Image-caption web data
--------------------------------------------------

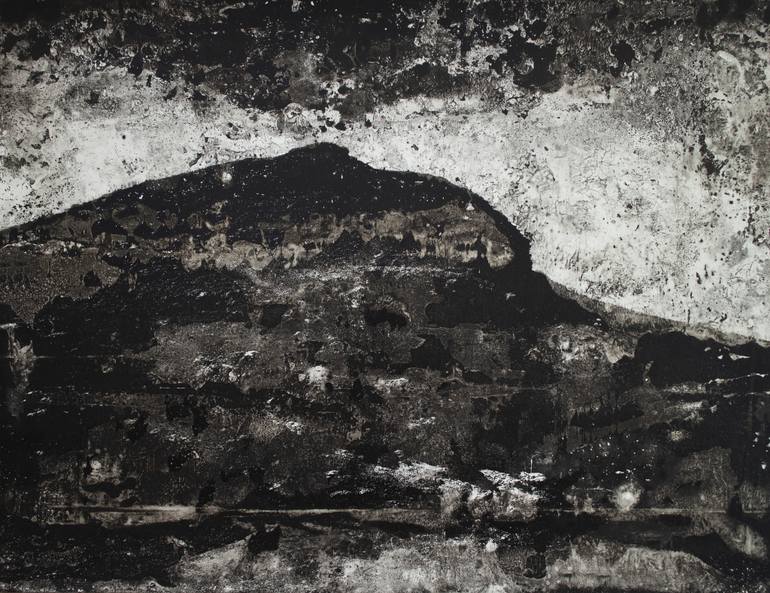 770x593 Saatchi Art Black Mountain Painting By Shi Gu - Black Mountain Painting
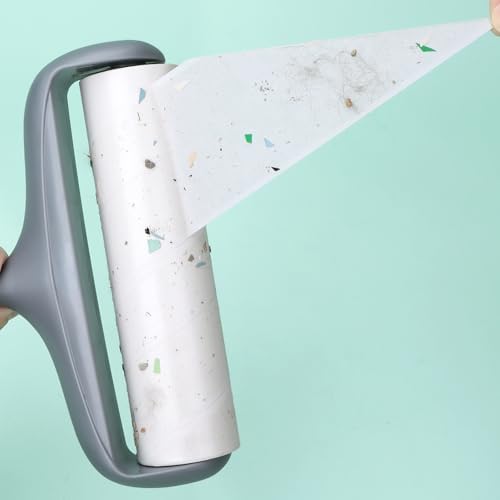 50% Stickier Large Surface Roller Refill for Scotch-Brite 8 inch Lint Roller, Works Great On Pet Hair, Extra Sticky 60 Sheets per Refill, Pack of 4, 240 Sheets Total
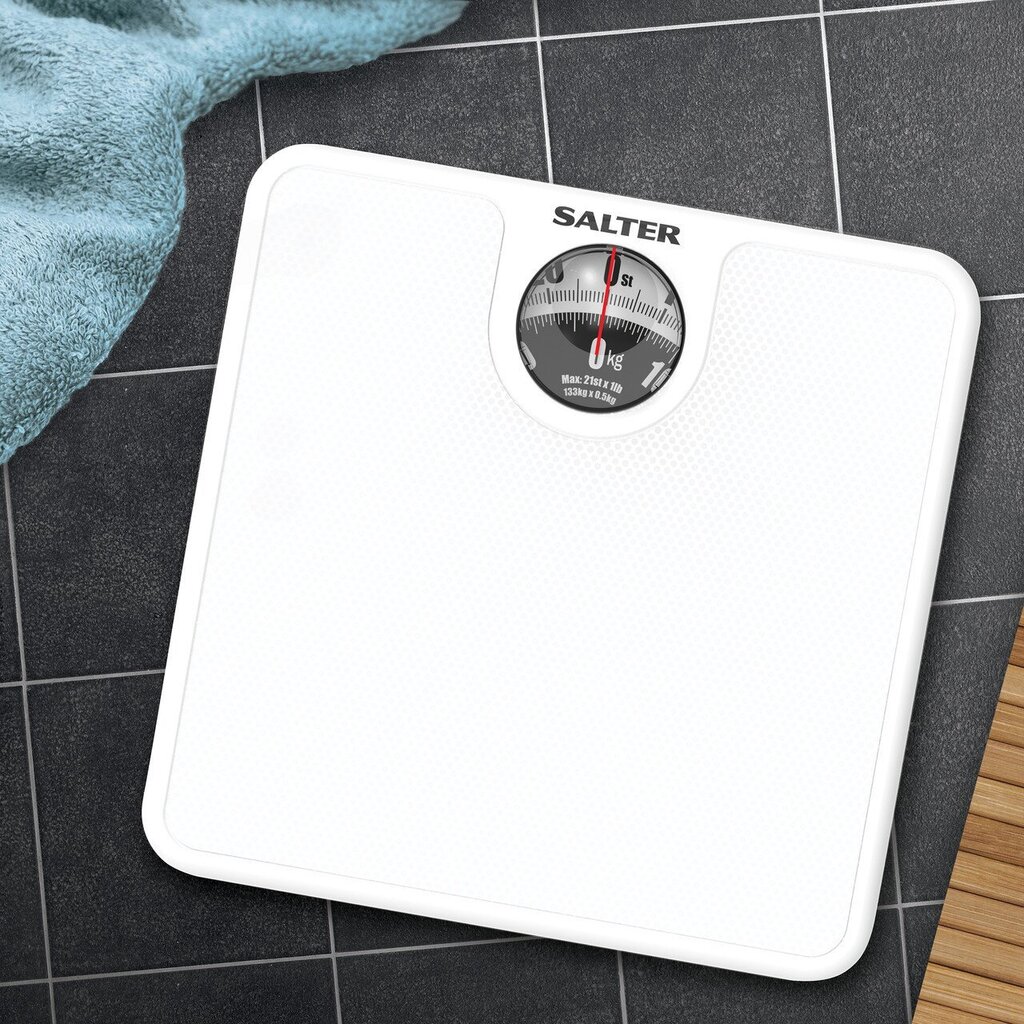 Salter 489 WHDRFEU16 Large Dial Mechanical Bathroom Scale hind ja info | Kaalud | kaup24.ee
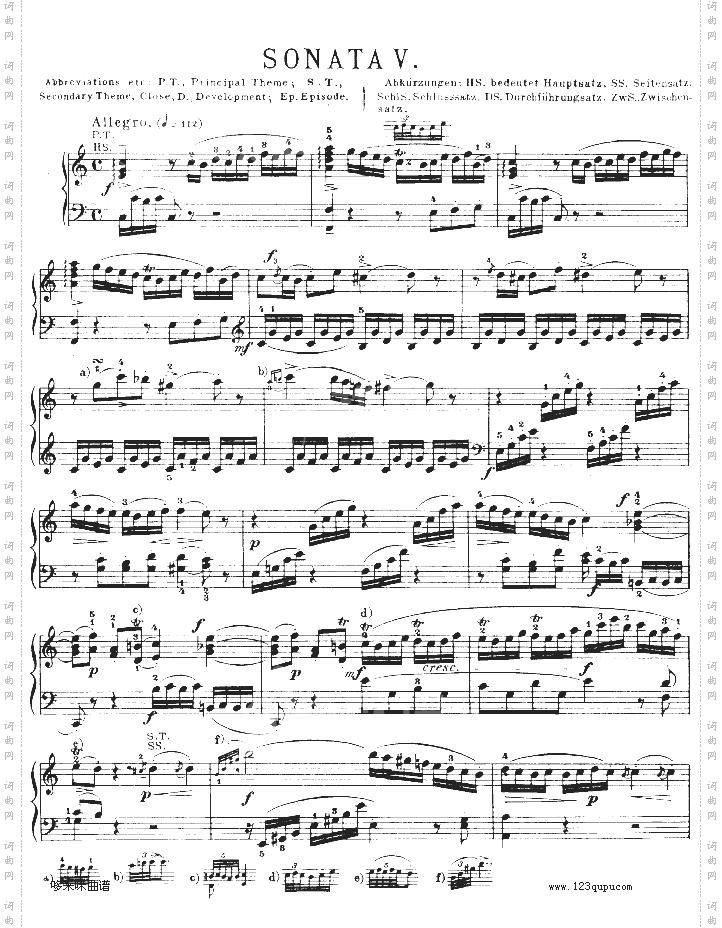 C大调钢琴奏鸣曲K279-莫扎特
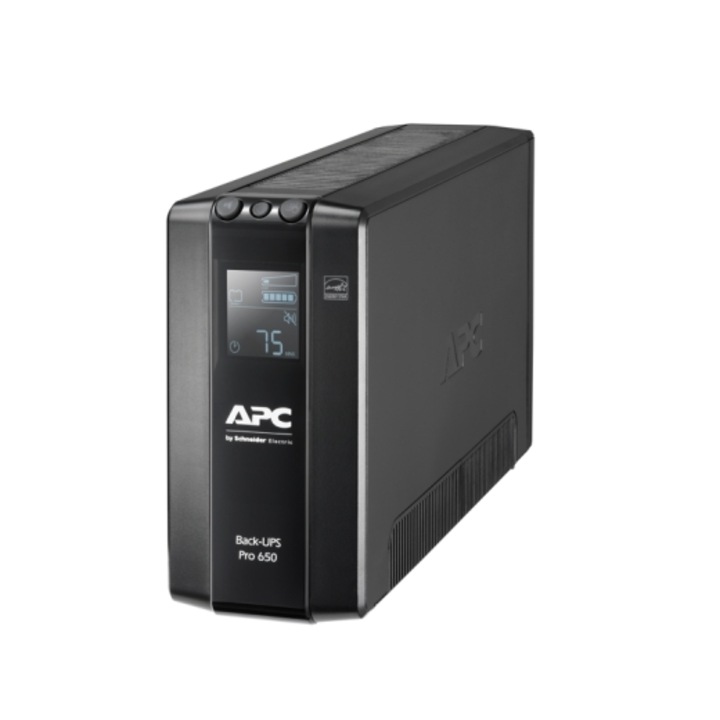 UPS APC BR650MI Pro Line-Interactive, 650VA/390W, 6 гнезда IEC C13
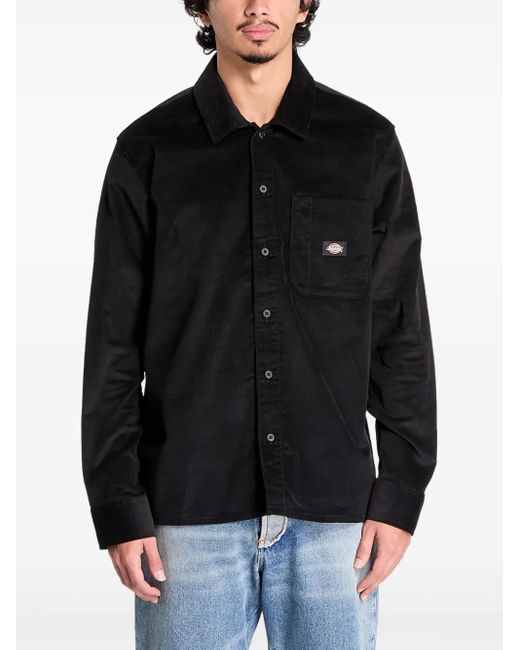 メンズ Dickies コーデュロイ シャツ Black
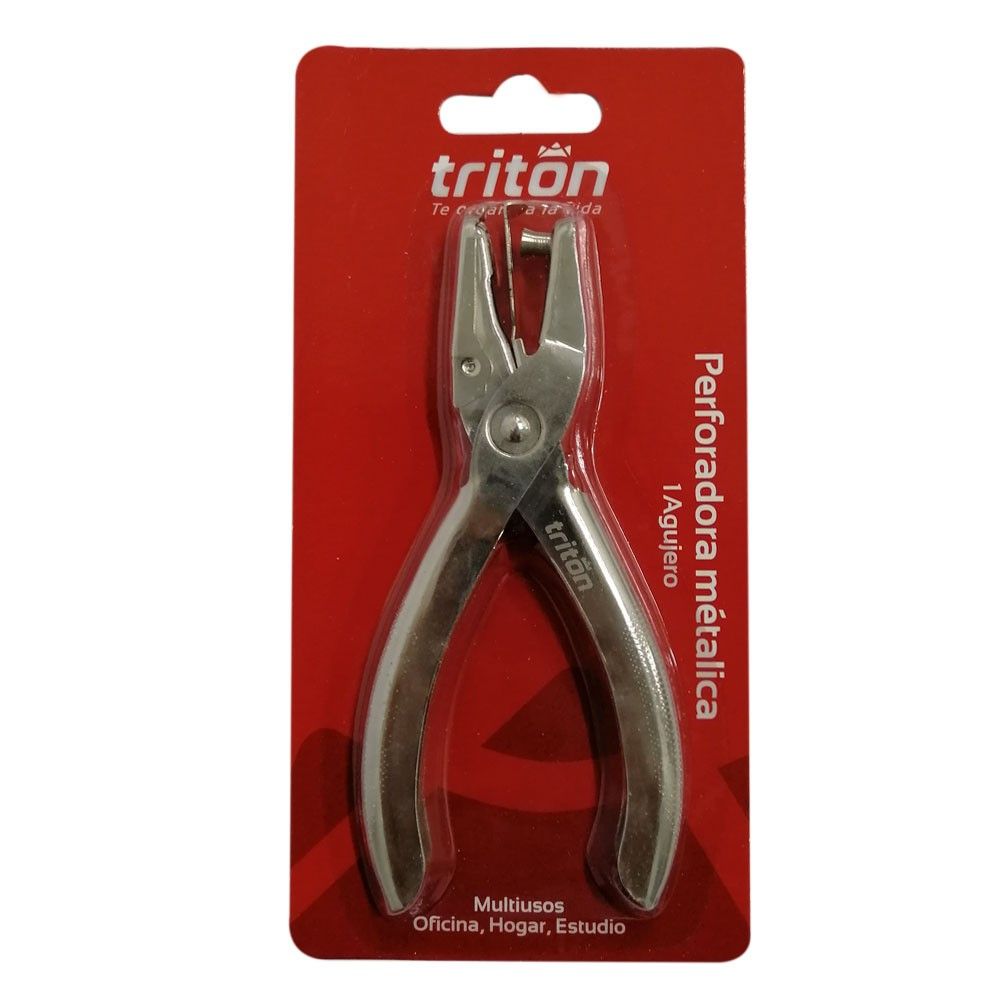 Perforadora Triton Metálica Multiusos 1 Hueco x1und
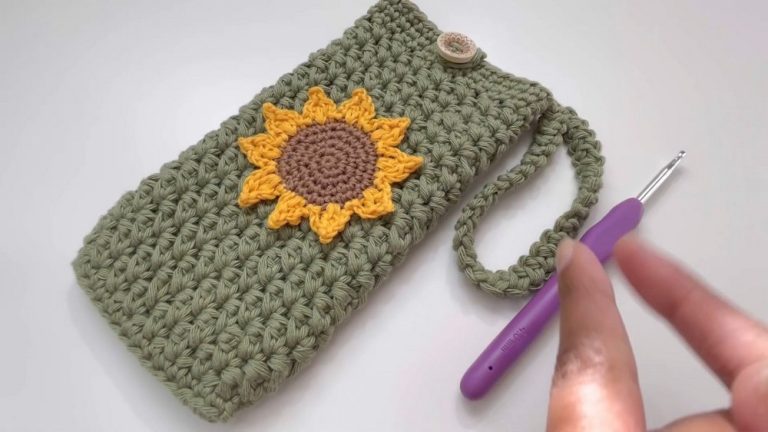 How to Crochet Suzette Stitch Phone Case for Summer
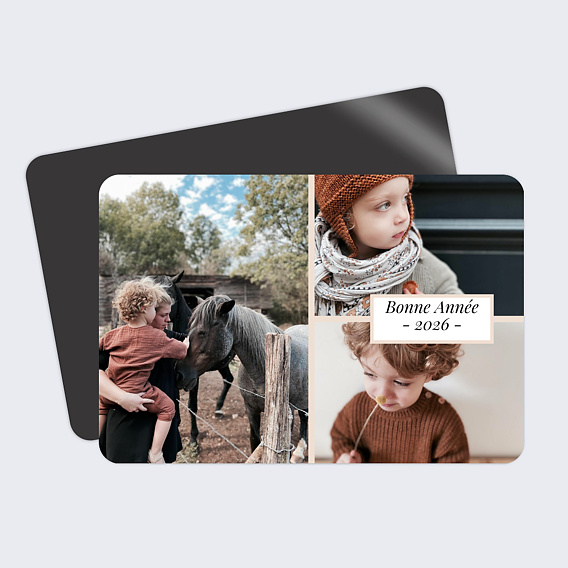 Carte de voeux Etiquette poudrée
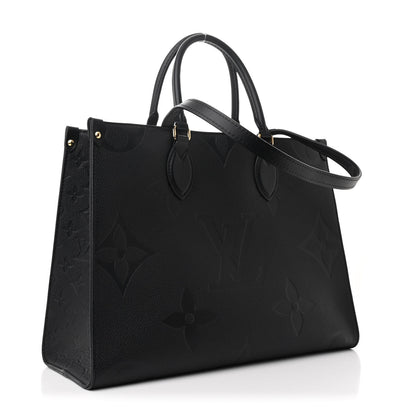 Louis Vuitton Empreinte Monogram Giant OnTheGo MM Black 3 of 9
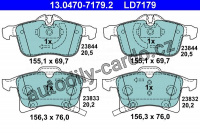 Sada brzdových destiček ATE Ceramic 13.0470-7179 (AT LD7179)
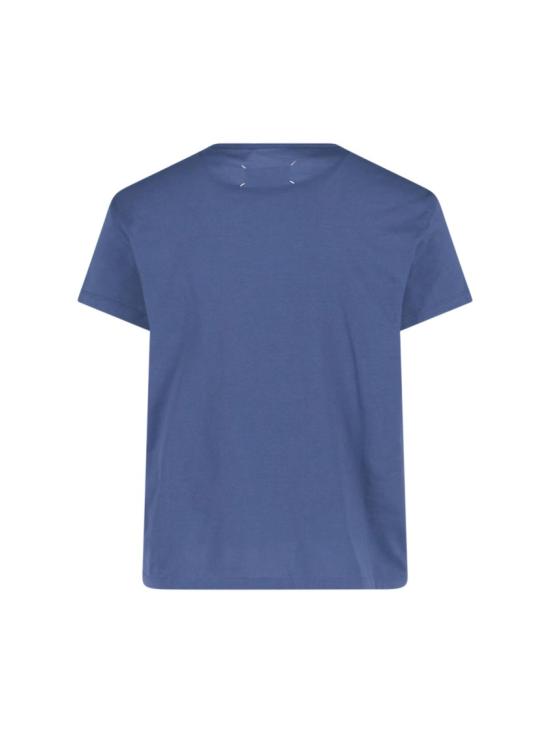 26SS 마르지엘라 디스토티드 로고 티셔츠 S30GC0701 S22816 469 BLUE DOM - MAISON MARGIELA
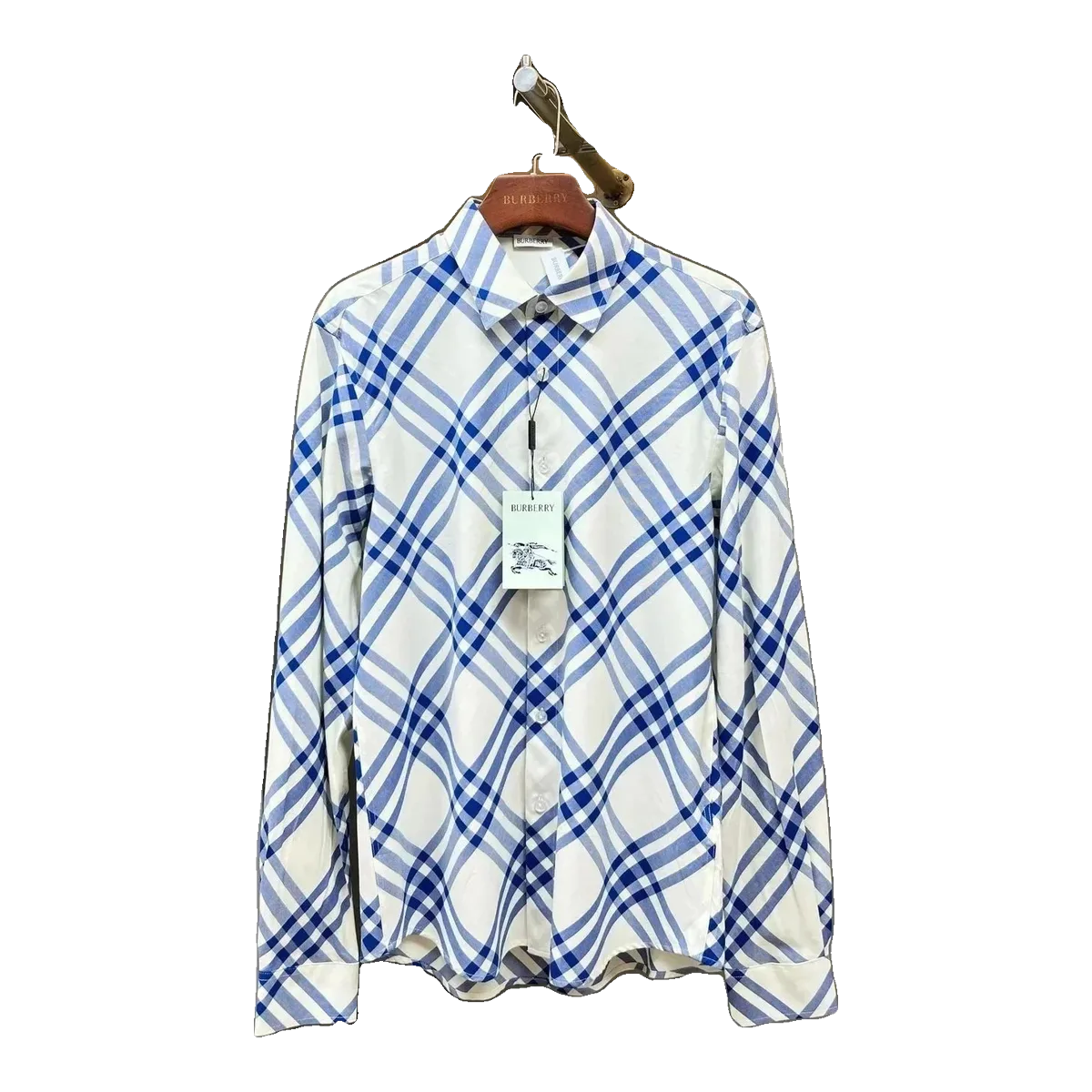 Burberry Check Shirt Blue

--------------------------------------------------

*TASK DESCRIPTION*
Your answer must be the lines from the one containing "Louis Vuitton Empreinte" through the final line of the entries, duplicated exactly, with both ends kept and all pictures left out.

*FINISHED EXERCISE*
 Louis Vuitton Empreinte Monogram Giant OnTheGo MM Black 3 of 9
 Sada brzdových destiček ATE Ceramic 13.0470-7179 (AT LD7179)
 26SS 마르지엘라 디스토티드 로고 티셔츠 S30GC0701 S22816 469 BLUE DOM - MAISON MARGIELA
 Burberry Check Shirt Blue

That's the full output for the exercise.